Gibt es die Liebe in Ihrem Leben?

Philipp Hochmair: Ja – die gibt es.

Aus Ihrer Biografie erfahren wir auch, dass Sie Legastheniker sind, also Probleme mit dem Lesen haben. Wie sind Sie damit klargekommen?

Philipp Hochmair: Nur schwer. Das hat vor allem meine Volksschulzeit unbequem gemacht, ich war der Einzige in der Klasse, der nicht lesen konnte und wurde natürlich von den anderen verspottet. Aber jeder kann was! So habe ich irgendwann festgestellt, dass ich Texte, die ich mir erkämpft habe, gut performen konnte. Damit konnte ich meine Leseschwäche quasi ausgleichen. Ich muss mich auch heute noch zum Lesen sehr konzentrieren, mir Zeit nehmen.

Und wie lernen Sie da die langen Texte?

Philipp Hochmair: Dazu muss ich mir dann Hilfe holen. Ich habe dann ein Gegenüber, und dem wiederhole ich sie so lange, bis ich sie auswendig kann. Dann werden diese Texte für mich zu Musik, zu Gesang. Und den kann ich dann verkünden.

Philipp Hochmair: Im „Jedermann“ spielte er schon alle Rollen

Philipp Hochmair (geboren am 16. Oktober 1973 in Wien) studierte 1993 bis 1997 Schauspiel am Max Reinhardt Seminar in Wien (u. a. bei Klaus Maria Brandauer, 82) und Paris. Erste Engagements in Nürnberg, Hamburg, Hannover, Berlin und Zürich. 2003 – 2009: Wiener Burgtheater, 2009 –2014: Hamburger Thalia Theater. Seit 1997: Solo-Projekt Goethes „Werther“. Seit 2023: „Hagestolz“ von Adalbert Stifter.

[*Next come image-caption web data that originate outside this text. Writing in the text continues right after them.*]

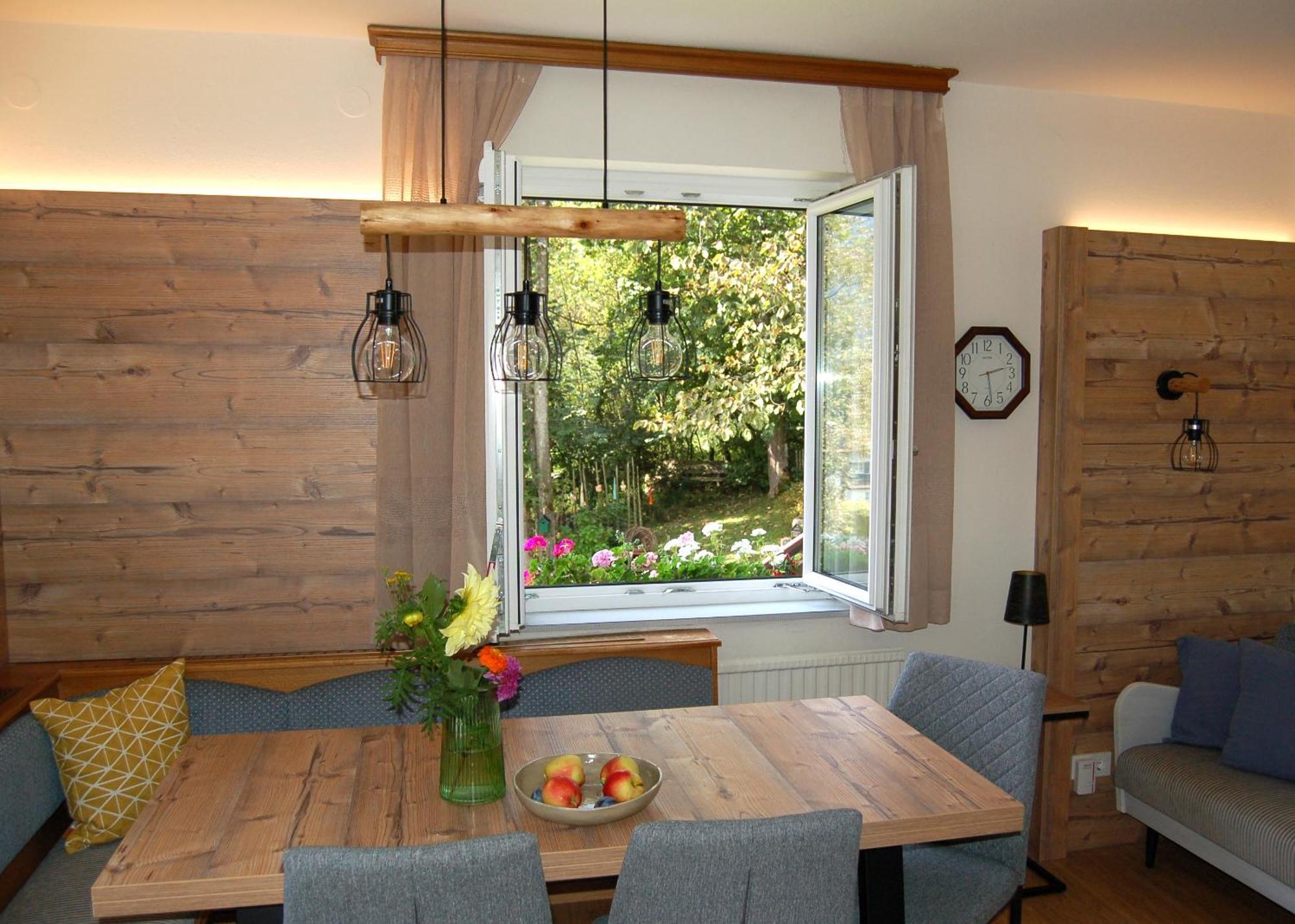Ferienhaus Lechner Fuer Max 10 Personen - Wald Und Naturgarten أبتيناو المظهر الخارجي الصورة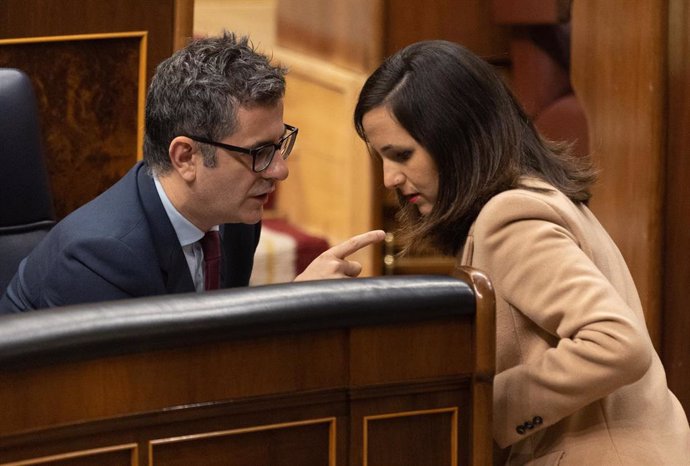 Archivo - El ministro de la Presidencia, Félix Bolaños, y líder de Podemos, Ione Belarra, durante una sesión plenaria en el Congreso de los Diputados, a 14 de diciembre de 2022, en Madrid (España).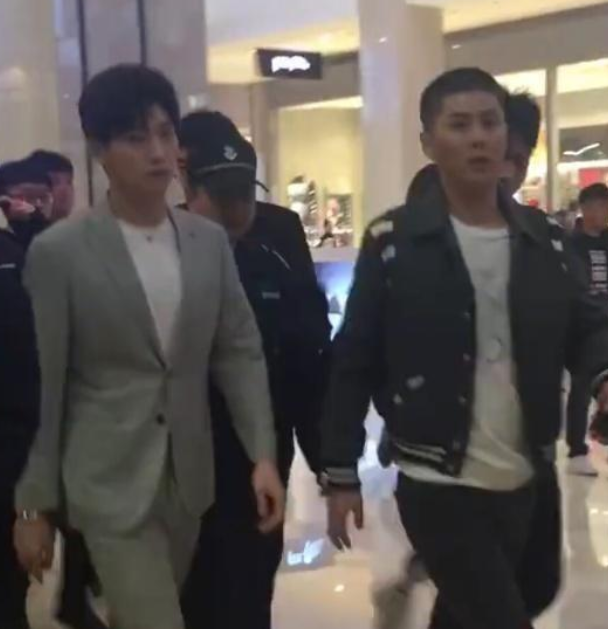 要名没名，要人气没人气！这6位小明星，排场一个比一个大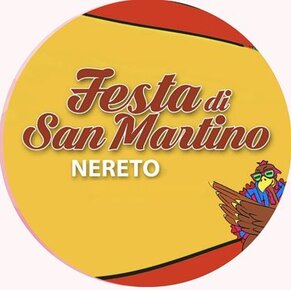 Fiera di San Martino a Nereto (Te) La Fiera di San Martino a Nereto, che si celebra ogni anno l’11 novembre, è una delle manifestazioni più attese della provincia di Teramo. Questa festa affonda le sue radici nella tradizione agricola e religiosa del territorio, con un focus particolare sul vino novello e le castagne, i due prodotti simbolo dell’autunno. La festa non è solo un’occasione di devozione, ma anche un momento di grande socializzazione e convivialità, dove i residenti e i visitatori si uniscono per celebrare la fine della stagione agricola con cibo, bevande e allegria. San Martino, il patrono di Nereto, viene celebrato per il suo gesto di generosità nei confronti di un povero bisognoso a cui donò metà del suo mantello. La figura del santo è legata a valori di carità, protezione e generosità, che si riflettono nei riti religiosi della giornata. La messa in onore di San Martino, accompagnata da una processione, segna l'inizio della fiera, che si anima immediatamente di colori, suoni e odori tipici delle tradizioni locali. Il suo culto è molto sentito dai neretesi, che ogni anno partecipano con devozione ai riti liturgici. Il cuore pulsante della festa, tuttavia, è la gastronomia. Le strade e le piazze di Nereto si riempiono di bancarelle e stand che offrono le specialità della zona, tra cui le famose castagne arrostite e il vino novello. Questi due prodotti, che rappresentano al meglio i frutti della terra in autunno, sono il simbolo della festa. La tradizione vuole che le castagne vengano arrostite su fuochi all’aperto, creando un’atmosfera calda e accogliente, mentre il vino novello, appena prodotto, scorre generosamente per accompagnare ogni piatto. La fiera di San Martino non è solo un evento gastronomico, ma anche un’importante espressione di folklore e cultura popolare. Durante la giornata, si svolgono danze, canti popolari e manifestazioni che coinvolgono tutte le generazioni. Le musiche tradizionali e i balli tipici abruzzesi animano le piazze, mentre i canti allegri e le risate fanno da sottofondo alla festa. La manifestazione, infatti, è anche un'occasione di condivisione e divertimento per le famiglie, i giovani e gli anziani, che si ritrovano insieme per celebrare un'antica tradizione. In definitiva, la Fiera di San Martino a Nereto è un momento di grande rilevanza culturale e sociale, che unisce la spiritualità della ricorrenza religiosa alla gioia di vivere e alla tradizione gastronomica. Ogni anno, il paese si trasforma in un luogo vivace e accogliente, dove il vino, le castagne e il folklore abruzzese sono protagonisti indiscussi. Questa festa, che celebra tanto la storia religiosa quanto le tradizioni locali, è un’occasione imperdibile per chi vuole scoprire le radici autentiche dell’Abruzzo e della Val Vibrata.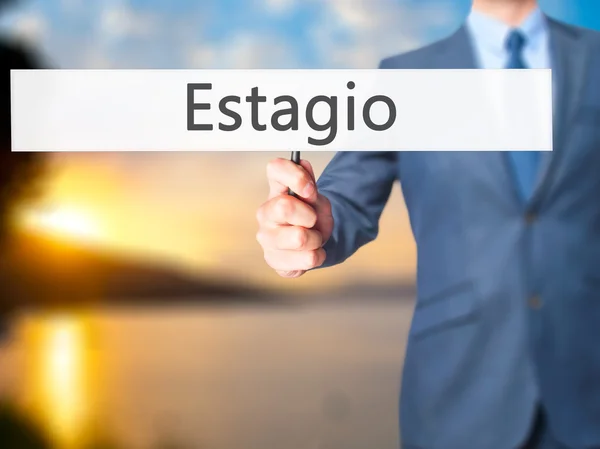 Estagio (praktikum auf portugiesisch) - kaufmann hand holding si — Stockfoto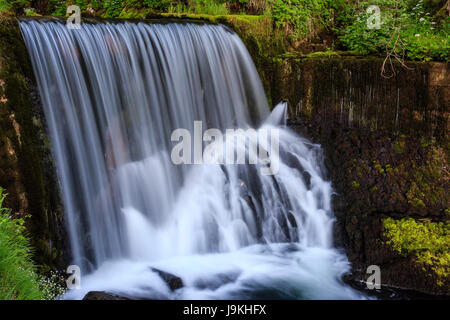 Frankreich, Doubs, Jura Regionale Naturpark, Mouthe, die Quelle des Doubs ist ein paar Meter vor dem Wasserfall Stockfoto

Seit 2013 macht er mit seiner Band „Die Elektrohand Gottes“ (experimentelle Elektronikklänge) den „Jedermann“ (er spielt alle Rollen). Im August 2018 sprang er kurzfristig für den erkrankten Tobias Moretti im Salzburger „Jedermann“ ein. Seit 2024 spielt er die Titelrolle regulär. Große TV-Erfolge: „Die Manns“ (2000, er spielte Golo Mann), seit 2018: „Blind ermittelt“, 2020: „Freud“, 2021: „Charité“, 2022: „Die Wannseekonferenz“, seit 2024: „Der Geier“.